Saturday, January 29, 2011

They harder they push, the harder we push back

"The surveillance state is now entrenched," writes Michael Edwards. "Free speech is set to be eradicated; and the Internet kill switch has been placed in the White House, while it has been calmly announced that world is indeed run by 'Globocrats,'  but not a conspiracy.  And yet we are aware of it en masse.  The alternative media, talk radio, lone activists, card-carrying organization members, and Facebook virtual activists are all something new for the managers of society to deal with.  This certainly has not been present in past closed totalitarian systems. 

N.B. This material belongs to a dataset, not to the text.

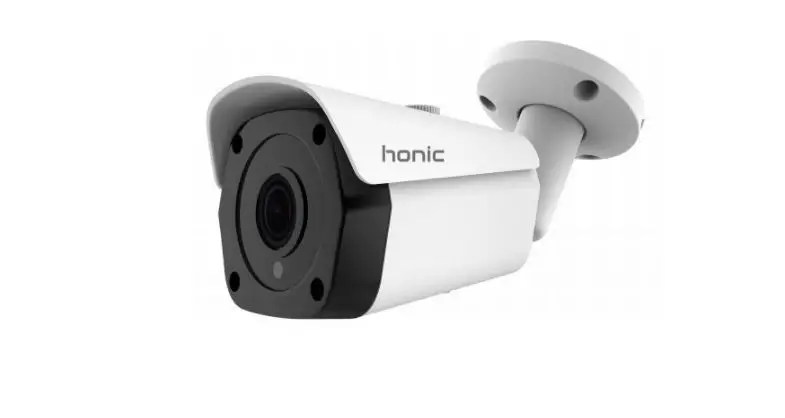 Honic Ultrahd 4k 8mp Weatherproof Outdoor Poe Ip Camera User Guide Honic Ultrahd 4k 8mp Weatherproof Outdoor Poe Ip Camera User Guide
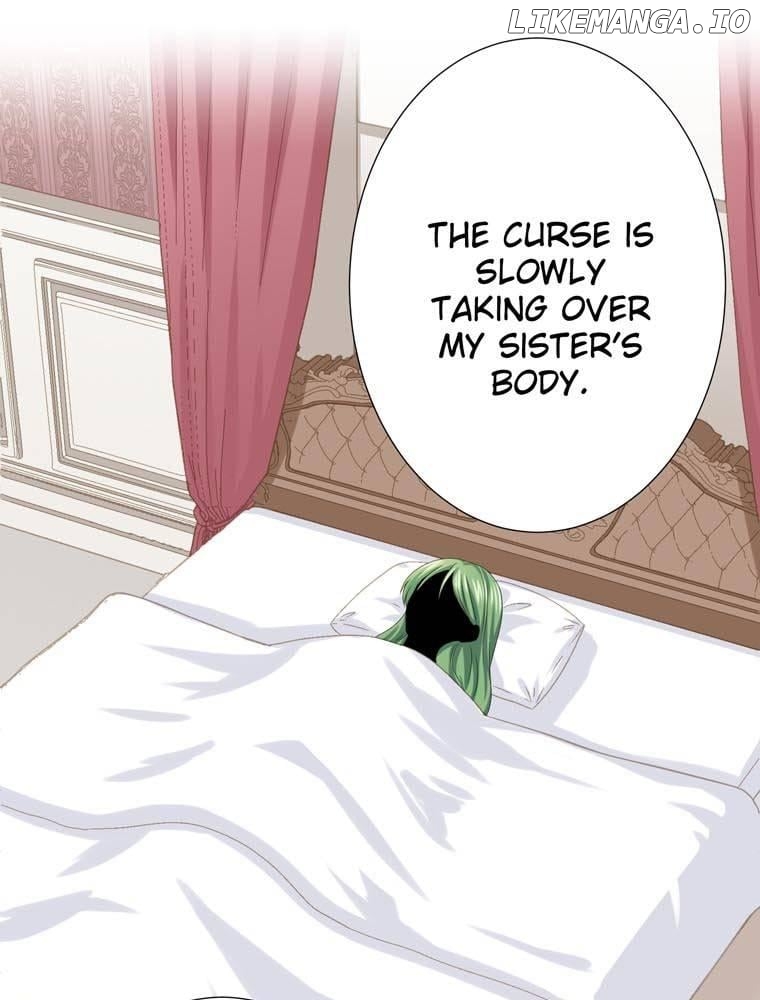 I'm a Villainess to be Poisoned, so Why am I Being Adored? Chapter 80 - page 58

"The dialogue is becoming heated to a point where the elite controllers seem to be worried about what they might have overlooked in their desire to predict and control mass populations.  So much so that they have engaged us, seemingly looking for a truce . . . or perhaps a bait and switch.  They have been pushed to the limit of revealing their structure and many of their actions because of free humanity's mass awakening.  They now want to have a role within our human world; a place where they feel that they very well could be excluded.  The new world being born through climatic and technological change is one that very well could be total chaos.  In such a world, the all-encompassing State has no role; the individual regains control over their own actions and solutions to the problems which lie ahead.  The worldwide protests taking place are a clear sign that individuals are feeling powerful even in the face of increasing threats.  Each form of resistance is communicated on a global scale, and serves as an example to others, building into a powerful force of solidarity.  The more oppressive the response by governments, the nearer to victory we are." (emphasis added)

Tuesday, January 11, 2011

Lew Rockwell on state aggression

Lew's post is so good I repost it here completely. The only point I question is the apparent understatement of the murders committed by governments in the 20th century.  In his review of Death by Government by R. J. Rummel (1994), Richard Ebeling writes:
How many people, in fact, have been killed by government violence in the 20th century? Not deaths in wars and civil wars among military combatants, but mass murder of civilians and innocent victims with either the approval or planning of governments — the intentional killings of their own subjects and citizens or people under their political control? The answer is: 169,198,000. If the deaths of military combatants are added to this figure, governments have killed 203,000,000 in the 20th century.
Even these figures are probably low.  The point is the state is the bloodiest institution in human history.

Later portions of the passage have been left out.